Wienert addresses four areas of world governance where discourse—and sometimes practice—is changing. The first of these is in the Security Council itself.  Far from occupying itself only with inter-states threats to peace and security, its new preoccupations include resolutions on children and women. One might view these merely as lip service, especially when keeping in mind the way that the United States, China and the Soviet Union/Russia have utilized their vetoes since 1945 to protect their sovereign interests and those of their allies. On the other hand, women and children were not objects of the regard of international society at all until recently.

Weinert’s second area is the new discourse of human security. I’ve expressed concerns about that discourse in my article “Human Security: Undermining Human Rights?” (Human Rights Quarterly,  vol. 34, no. 1, 2012, pp. 88-112: you can find that article here http://scholars.wlu.ca/cgi/viewcontent.cgi?article=1026&context=poli_faculty.) But Weinert shows convincingly how the human security discourse focuses attention on the entire range of phenomena that cause human beings to feel insecure. In particular, he notes how human security tries both to protect individuals from insecurity and empower them to overcome it.  Human security is a way to combine development activities with individual human rights. It also undermines the notion that state security is always more important than the security of the entire human community.

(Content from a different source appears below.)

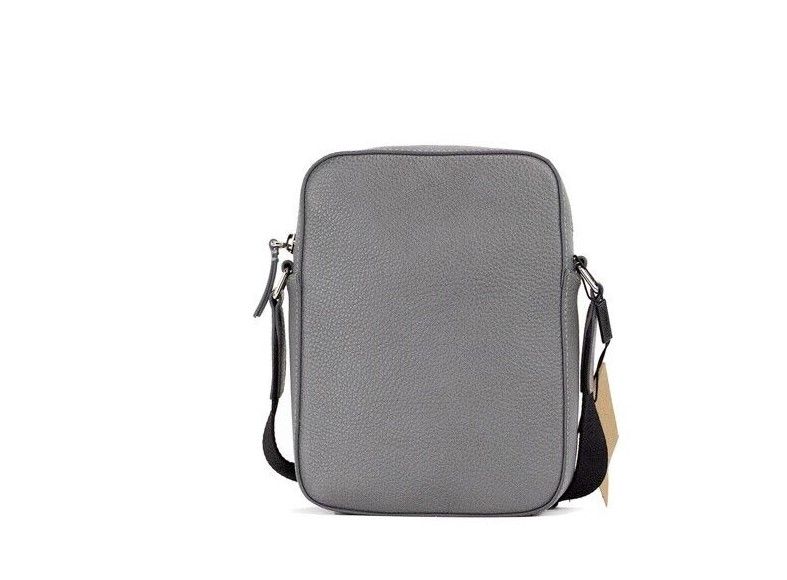 Bolso bandolera Thornton pequeño de piel granulada con logo en relieve en gris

Weinert next discusses how the system of international justice has been altered to specify human dignity. The two international tribunals on Yugoslavia and Rwanda, set up in the 1990s, have paid much attention to violations of human dignity, occasioned for example by gang rapes and various other types of sexual enslavement, such as forcing women prisoners to dance naked on tabletops for their captors. Along with the International Criminal Court, these courts have specified what human dignity means and what actions are now beyond the pale, as much crimes against humanity as genocide was seen to be in 1948, when the Genocide Convention was declared. 

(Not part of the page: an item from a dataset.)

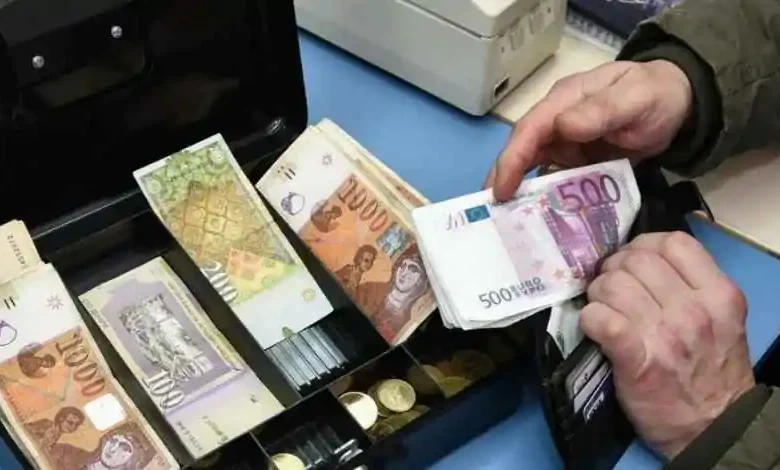 Rezervat devizore në korrik u rritën për 74 4 milionë euro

Finally, Weinert presents an interesting argument about evolving, post-colonial conceptions of self-determination. Referring especially to the evolution of Kosovo from a province of Serbia to a quasi-independent state today, he explains how human suffering—massive violations of human rights for which the sovereign state offers no recourse and which indeed, it may have perpetrated-- has become a new criterion for what he calls “remedial secession.” 

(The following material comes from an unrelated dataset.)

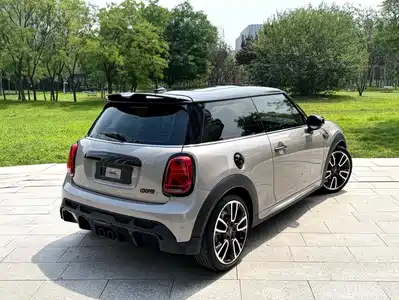 MINI MINI 2021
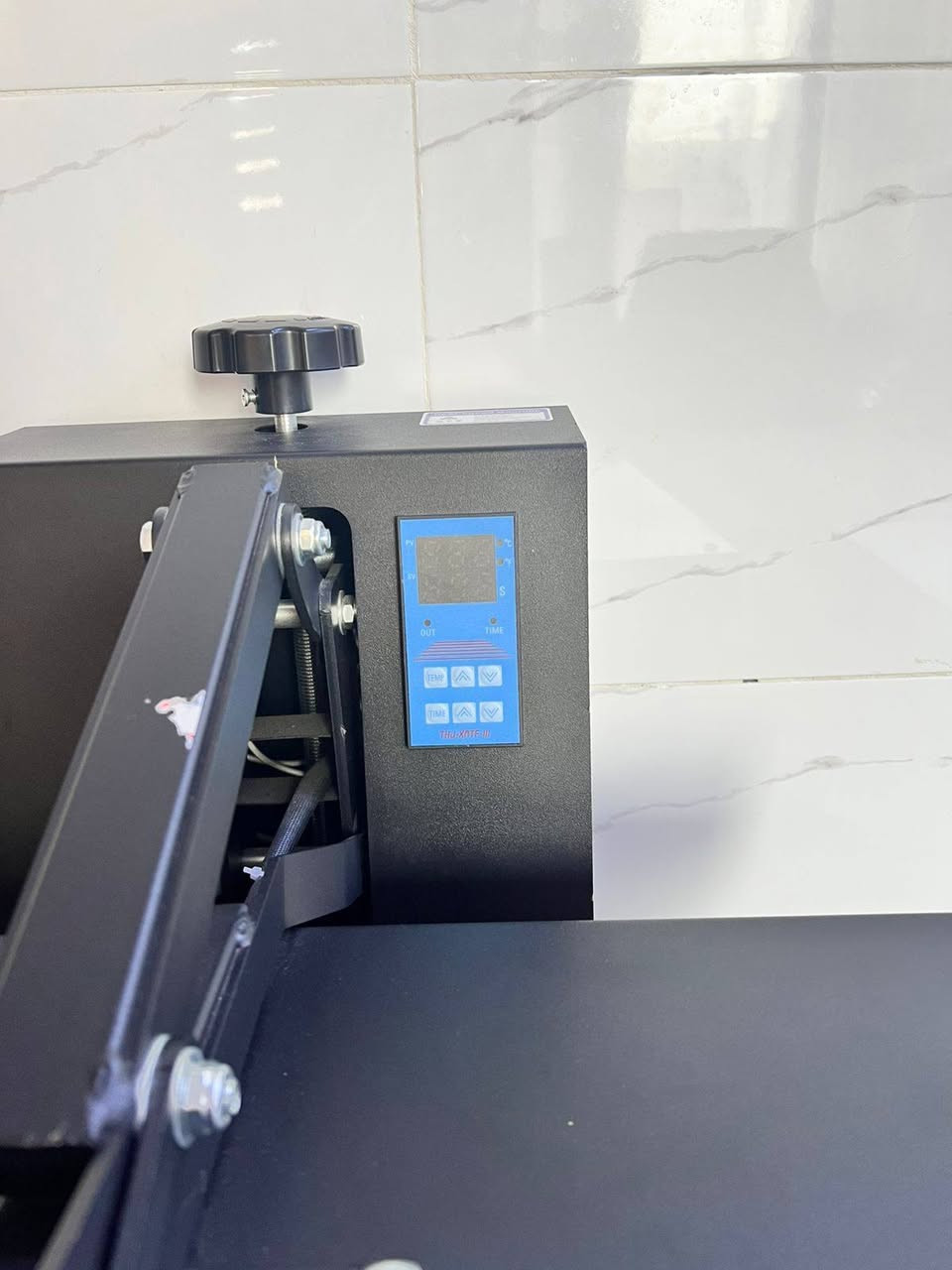 سلام عليكم كابسه مال قماش للبيع مستخدمه قليل سعر 325بي مجال ***********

Underlying Weinert’s entire argument is a deep compassion for the suffering human being. His starting point, he says, is not a thin cosmopolitanism but rather attention to cruelty. Citing Hannah Arendt, he wants everyone to have “the right to have rights.”  This might seem redundant, but it is not. Possession of rights is still contingent on membership in a sovereign state.  This means that the 12 million stateless people in the world today; refugees in precarious limbo in states not their own that take very little care of them; or “undocumented” or weakly documented migrants do not really have that right. It also means that those seen as less than human, such as women, indigenous people, sexual minorities, and ethnic, linguistic or cultural minorities, don’t really possess the right to have rights.


The 1948 Universal Declaration of Human Rights and the many subsequent documents of the international human rights regime proclaim that all human beings are equal. That is their legal status under the regime, but it is not the actual social situation: the regime is still normative, rather than a description of fact. Wienert shows us that the subtle transformations taking place in international discourse may contribute, in the long run, to transformations in political practice. A world society of individuals, one hopes, will someday replace the international society of states.

I am neither a political theorist nor a scholar of international relations, so I probably can’t do justice to Weinert’s learned and complicated arguments. But I highly recommend this book to those who are, as well as to human rights scholars who wish to stretch their minds, as I had to do in reading Making Human.